Start with auto-instrumentation for the boring infrastructure layer — HTTP servers and clients, ORMs, caches, message queues. That gives 80% of the value with zero code changes. Layer manual spans on top for business-domain operations auto cannot discover, like "validate_kyc" or "compute_pricing_quote." Pure auto gives generic spans without business context; pure manual is a maintenance nightmare.

What sampling rate should I start with in production?

For a mid-size service under 5,000 RPS, start at 5-10% head-based plus tail-based always-on for errors and traces slower than p99. Past 10k RPS, drop head-based to 1% and lean harder on tail-based rules. Below 1% baseline you start hiding 1-in-10,000 bugs — exactly what tracing was supposed to catch.

How do I trace through a third-party API I cannot instrument?

You cannot continue the trace inside their system, but you can wrap the outbound call in a span of your own and capture status code, latency, and any correlation ID they return. When the vendor supports trace headers (Stripe, Twilio, and a few others propagate W3C trace context), pass them through; otherwise accept the boundary is opaque and document it.

Does tracing replace APM tools like New Relic or Datadog?
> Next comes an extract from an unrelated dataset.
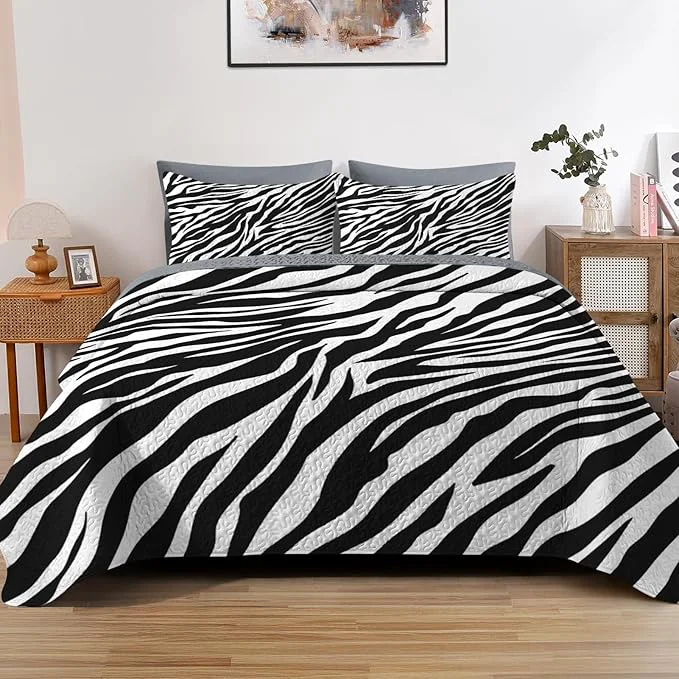 Responsible Quilt Set King Size Zebra Stripe Animal 3 Pcs Soft Bed Cover Bedding Set for Kids and Adults Black White Lightweight Bedspread Coverlet with Pillow Sham for All Season Superior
Tracing is the data layer; APM is a product category bundling tracing with metrics, logs, profiling, and alerting in one UI. OpenTelemetry data feeds Datadog, New Relic, Honeycomb, or a self-hosted stack — same SDK. The interview-grade framing: OTel for emission, APM vendor for analysis. That separation is why OTel won the standard war.

How do I know if my tracing setup is actually working?

Open one trace for a real production request and confirm three things: more than one service in the waterfall, parent-child links forming a connected tree with no orphan roots, and span attributes including the business identifiers you care about (user, order, tenant). If any check fails, your propagation, instrumentation, or attribute hygiene is broken — and you will only find out during the incident tracing was supposed to help debug.